Não é segredo para ninguém que Rui Rio mantém uma má relação com a comunicação social. Também é do conhecimento geral que, na actual equipa directiva do PSD, têm sido frequentes as críticas à comunicação social – por exemplo, o vice-presidente Salvador Malheiro tem recentemente criticado o Expresso e alguns dos seus jornalistas. Obviamente, isso tem custos e as tensões dos jornalistas com o PSD acabam por se tornar num dos alvos da cobertura mediática, prejudicando a mensagem política do partido. E já se ouviram muitas queixas de dirigentes do PSD nesse sentido: para esses dirigentes, a comunicação social prefere agarrar-se às coisas menores, em vez de difundir as ideias-chave e as propostas do partido.

Não há hoje, em Portugal, quem na política tenha igual mau relacionamento com a comunicação social – pelo contrário, do PCP ao CDS, todos se esforçam para brilhar em frente às câmaras. Mas, em boa verdade, Rui Rio não é o primeiro líder político que alimenta uma relação complicada com os média – desconfiança mútua, parcas declarações, pouca abertura aos jornalistas. Nem em Portugal, nem no contexto internacional onde, aliás, não faltam exemplos recentes de quem tenha feito disso trunfo eleitoral e vencido eleições, recorrendo às redes sociais para disseminar as suas mensagens – isto é, substituindo os meios tradicionais e libertando-se da intermediação da comunicação social. Parece, de resto, ser essa a estratégia do PSD. De tal modo que, quase um ano após assumir a presidência do PSD, o próprio Rui Rio criou, no início de Dezembro, uma conta no Twitter – um facto político mais significante do que possa parecer à primeira vista. Assim, nos últimos 30 dias, Rui Rio disse ao país exactamente o que quis, sem interferências de intermediários e sem mal-entendidos. Pergunta obrigatória: o que tinha então Rui Rio para dizer?

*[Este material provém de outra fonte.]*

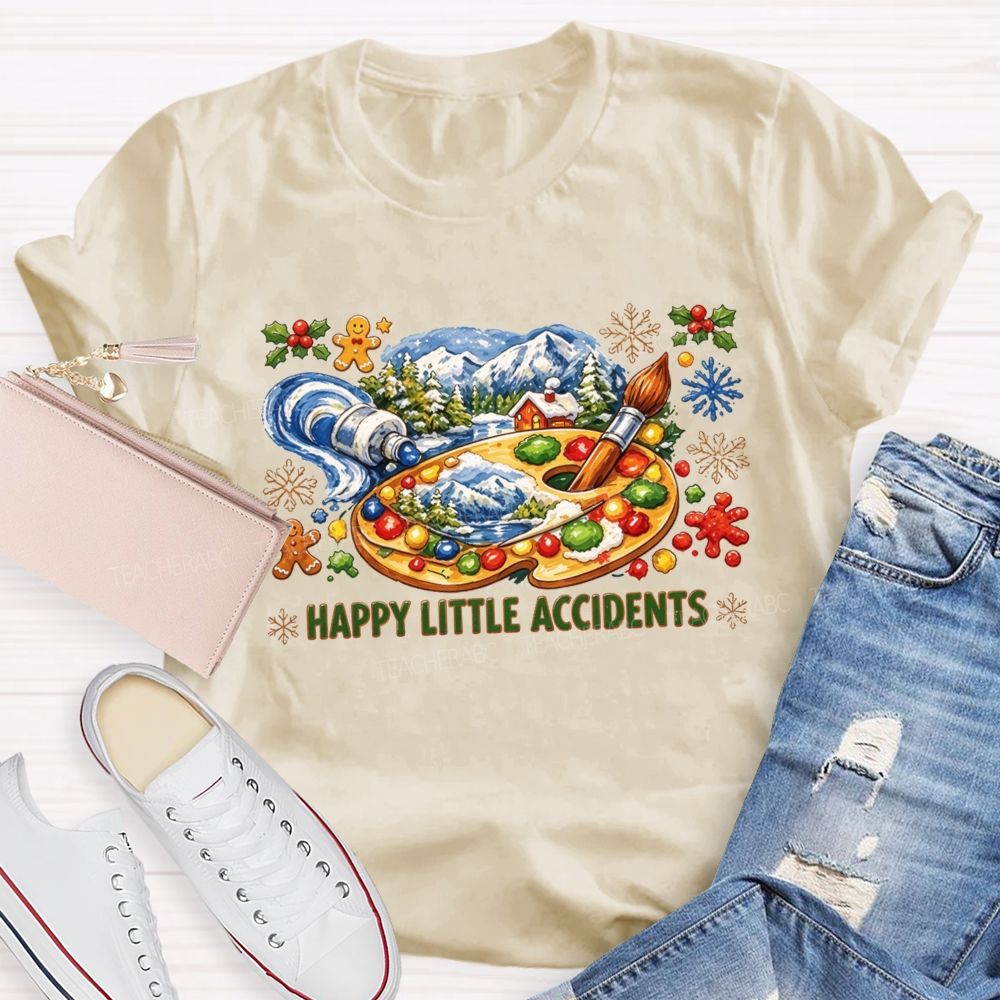 Happy Little Accidents Paint Palette Holiday Art Teacher T-shirt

Até às 23h59 de ontem, Rui Rio fez 52 publicações na sua conta oficial. Entre essas, 17 publicações são de foro institucional – abertura de conta, anúncios de tempos de antena, mensagens de condolências (acidente INEM) ou de Natal, assuntos da vida interna do partido (fotografias de visitas, reuniões, jantares e conselho nacional) e partilhas de notas sobre o anúncio de retirada de Angela Merkel (em alemão). Entre as 35 publicações restantes, 19 (54%) são sobre a área da Justiça, onde se contam críticas à procuradora-geral da República, críticas à ministra a propósito da lotação das prisões, explicações sobre a sua proposta para a composição do Conselho Superior do Ministério Público e partilhas de opiniões (de Paulo Mota Pinto, Pedro Bacelar Vasconcelos, Pedro Marques Lopes e Paulo Baldaia). O tema que, de seguida, mereceu maior enfoque o líder do PSD foi o da “verdadeira social-democracia” como ideologia do PSD, com 5 publicações (14%). Seguem-se os fundos europeus (com 3 publicações) e uma variedade de outros temas de actualidade, tais como o salário mínimo, a greve dos enfermeiros, finanças públicas, energia e transportes. Com alguma benevolência, somam-se apenas 10 publicações com reparos interrogativos ou críticas ao governo – sobretudo na Justiça e nas Finanças. António Costa, primeiro-ministro e principal adversário, não é visado nem mencionado uma única vez.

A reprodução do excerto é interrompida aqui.